[Start of Attachment]

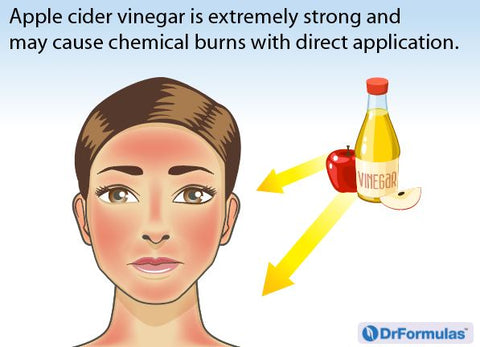 acv for acne
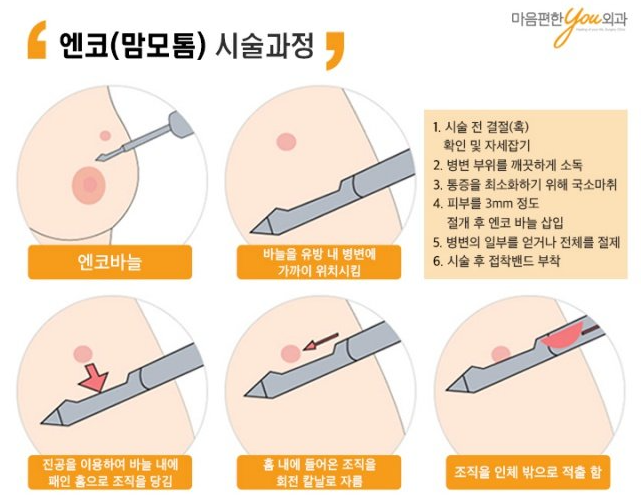 유방섬유선종보험, 위용종제거보험, 위암 병력이 있는 환자의 보험은 왜 중요한가요?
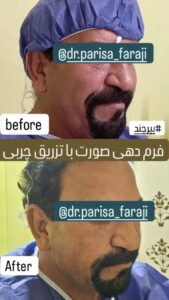 نمونه تزریق چربی (دکتر پریسا فرجی)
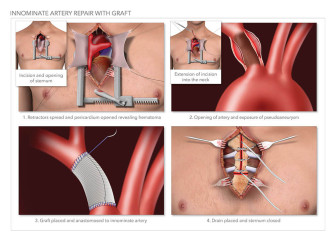 Innominate Artery Repair with Graft
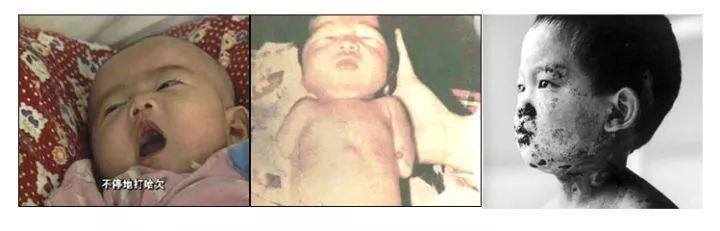 吸毒怀孕生下的孩子,爸妈吸毒生下的婴儿是什么的症状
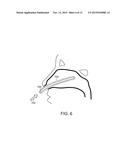 TOROIDAL BALLOON FOR EXTERNAL OR INTERNAL COMPRESSION WITH UNIQUE     INSERTION OR REMOVAL diagram and image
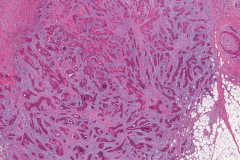 Microcystic adnexal carcinoma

[End of Attachment]

Exercise requirements: Set down the data above exactly as written. Omit the pictures.

Exercise answer:
 acv for acne
 유방섬유선종보험, 위용종제거보험, 위암 병력이 있는 환자의 보험은 왜 중요한가요?
 نمونه تزریق چربی (دکتر پریسا فرجی)
 Innominate Artery Repair with Graft
 吸毒怀孕生下的孩子,爸妈吸毒生下的婴儿是什么的症状
 TOROIDAL BALLOON FOR EXTERNAL OR INTERNAL COMPRESSION WITH UNIQUE     INSERTION OR REMOVAL diagram and image
 Microcystic adnexal carcinoma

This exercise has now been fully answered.